Then finally, looking at the correlation between these portfolios

Market Return | Market Eigen Portfolio | 2nd Eigen Portfolio | KRW + JPY | KRW + JPY + SGD | |
---|---|---|---|---|---|

Market Return | 1.0 | 0.99 | 0.01 | 0.93 | 0.95 |

Market Eigen Portfolio | 0.99 | 1.0 | 0.01 | 0.97 | 0.98 |

2nd Eigen Portfolio | 0.01 | 0.01 | 1.0 | 0.11 | 0.08 |

KRW + JPY | 0.93 | 0.97 | 0.11 | 1.0 | 0.99 |

KRW + JPY + SGD | 0.95 | 0.99 | 0.08 | 0.99 | 1.0 |

- The Eigen Portfolio 1 is most correlated with the equal-weighted portfolio.
- With just KRW and JPY you get to a 93% correlation with the market.
- KRW, JPY and SGD gets you to a 95% with the market.

As expected Eigen portfolio 2 is the most uncorrelated with the market.

## Summary

So our final answer to the client would be:

- We have a proprietary portfolio (the market eigen portfolio) that you should hedge with - this will give you the best outcome.
- If you don’t want the full portfolio use a 60/40 ratio of KRW and JPY.
- SGD probably isn’t a great idea and will leave you exposed.
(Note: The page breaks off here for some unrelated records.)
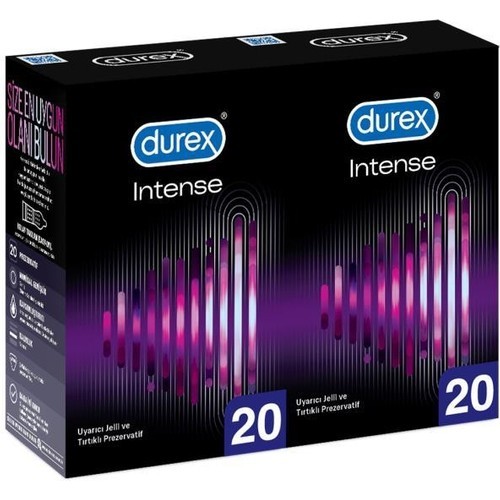 Durex Intense Uyarıcı Prezervatif 20 li x 2 Adet (40 lı Avantaj)
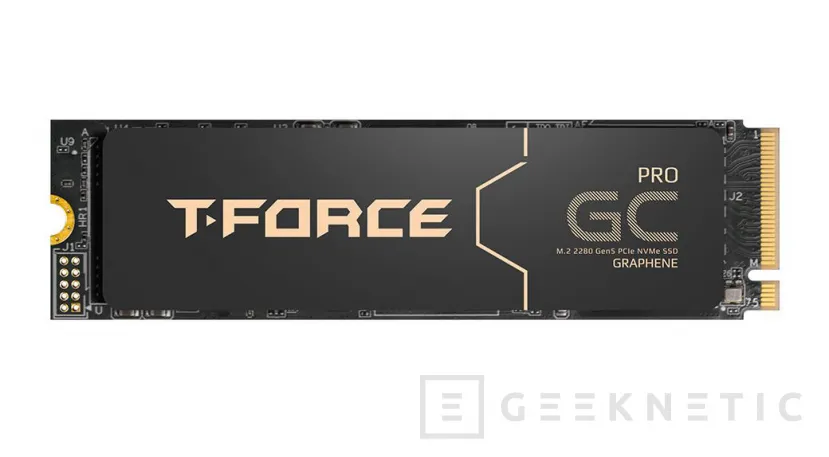 Geeknetic Nuevo SSD T-Force GC PRO con hasta 12500 MB/s y disipador de grafeno incorporado 1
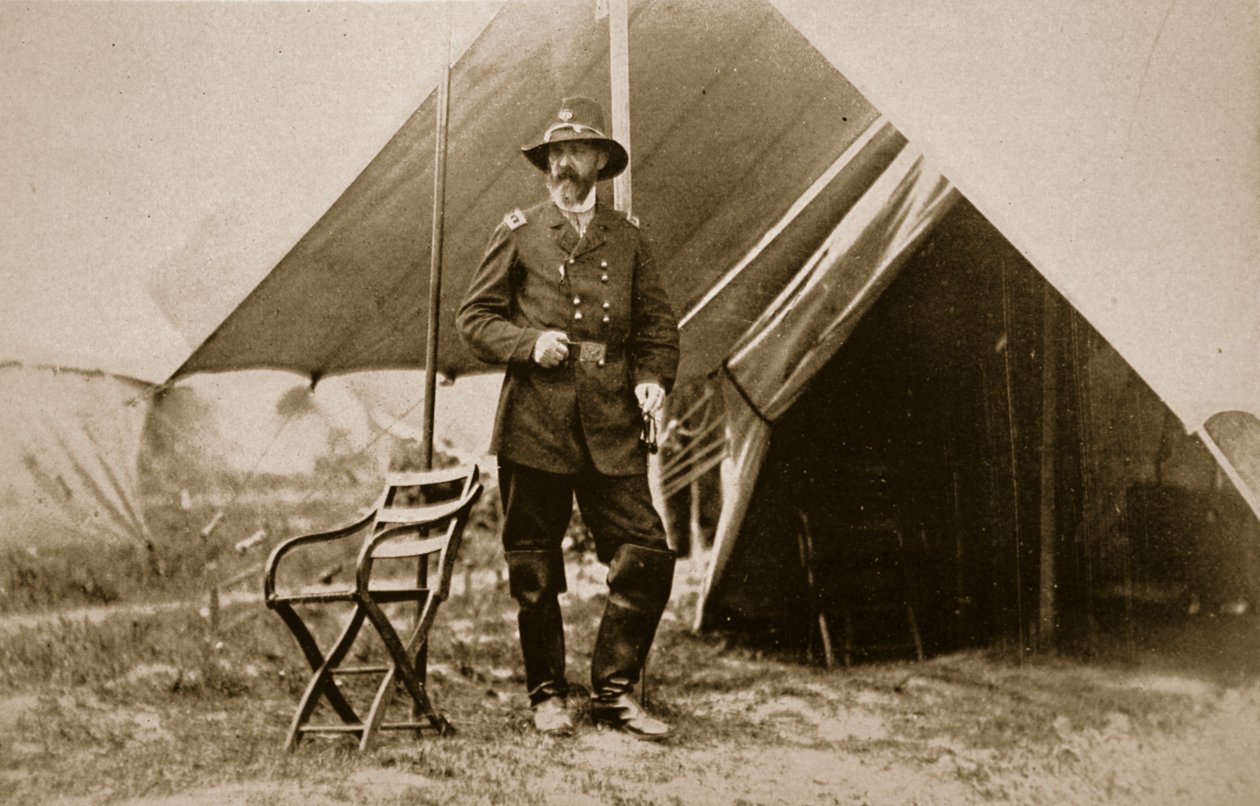 General G. Meade i lejren af Mathew and studio Brady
Now, we are assuming that these weightings are stable through time and haven’t changed recently and are therefore valid for the future returns too. We are ignoring transaction costs, KRW being an NDF and more expensive to trade compared to a spot currency (like JPY) means that this approach will break down if the client needs to hedge a significant amount.